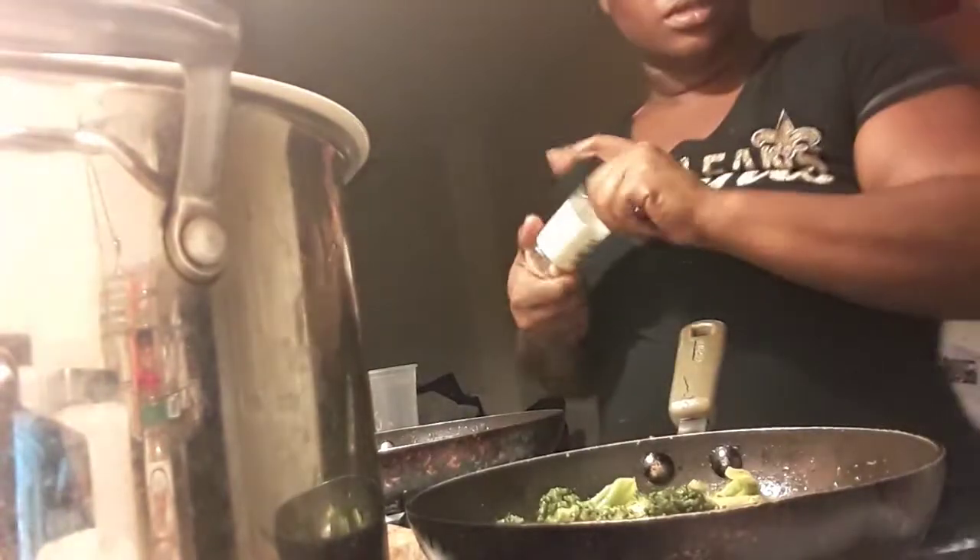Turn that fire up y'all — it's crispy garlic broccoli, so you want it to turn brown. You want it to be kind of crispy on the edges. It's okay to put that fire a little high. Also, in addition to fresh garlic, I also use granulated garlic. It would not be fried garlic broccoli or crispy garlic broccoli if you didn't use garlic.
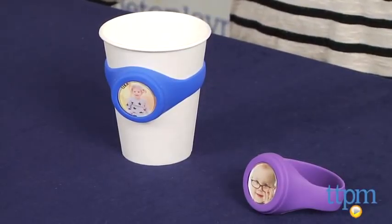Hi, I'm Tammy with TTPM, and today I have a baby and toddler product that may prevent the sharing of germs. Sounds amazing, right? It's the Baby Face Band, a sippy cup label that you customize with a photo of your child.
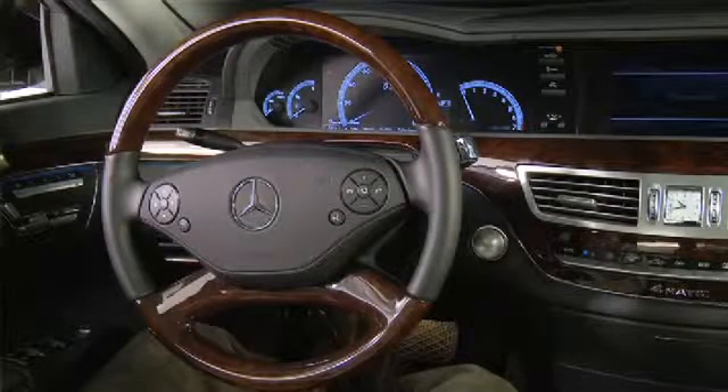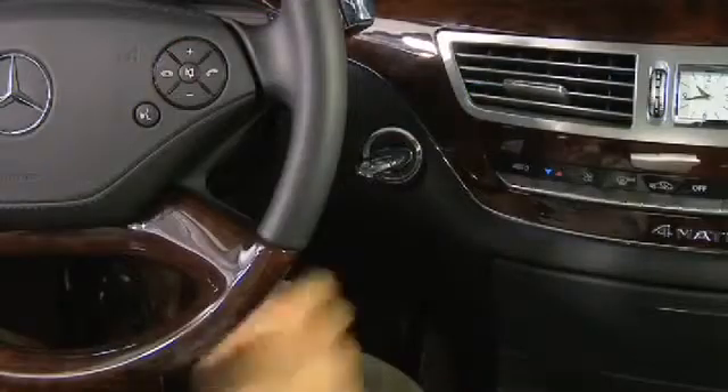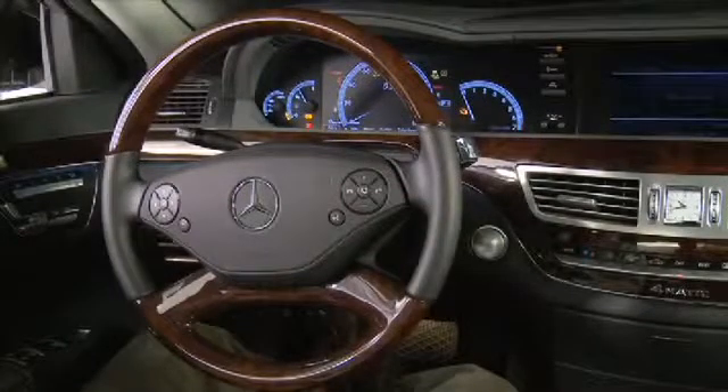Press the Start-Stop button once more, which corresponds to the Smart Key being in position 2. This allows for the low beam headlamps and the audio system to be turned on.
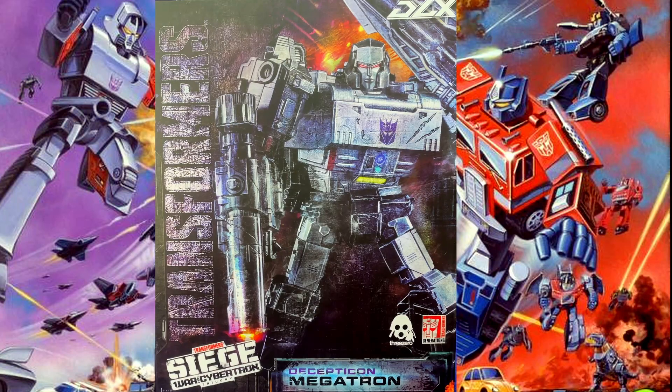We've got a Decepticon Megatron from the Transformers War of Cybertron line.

| Aim of the task |
The output is the data above, repeated exactly, with pictures omitted.

| Solution |
Turn that fire up y'all — it's crispy garlic broccoli, so you want it to turn brown. You want it to be kind of crispy on the edges. It's okay to put that fire a little high. Also, in addition to fresh garlic, I also use granulated garlic. It would not be fried garlic broccoli or crispy garlic broccoli if you didn't use garlic.
Hi, I'm Tammy with TTPM, and today I have a baby and toddler product that may prevent the sharing of germs. Sounds amazing, right? It's the Baby Face Band, a sippy cup label that you customize with a photo of your child.
Press the Start-Stop button once more, which corresponds to the Smart Key being in position 2. This allows for the low beam headlamps and the audio system to be turned on.
We've got a Decepticon Megatron from the Transformers War of Cybertron line.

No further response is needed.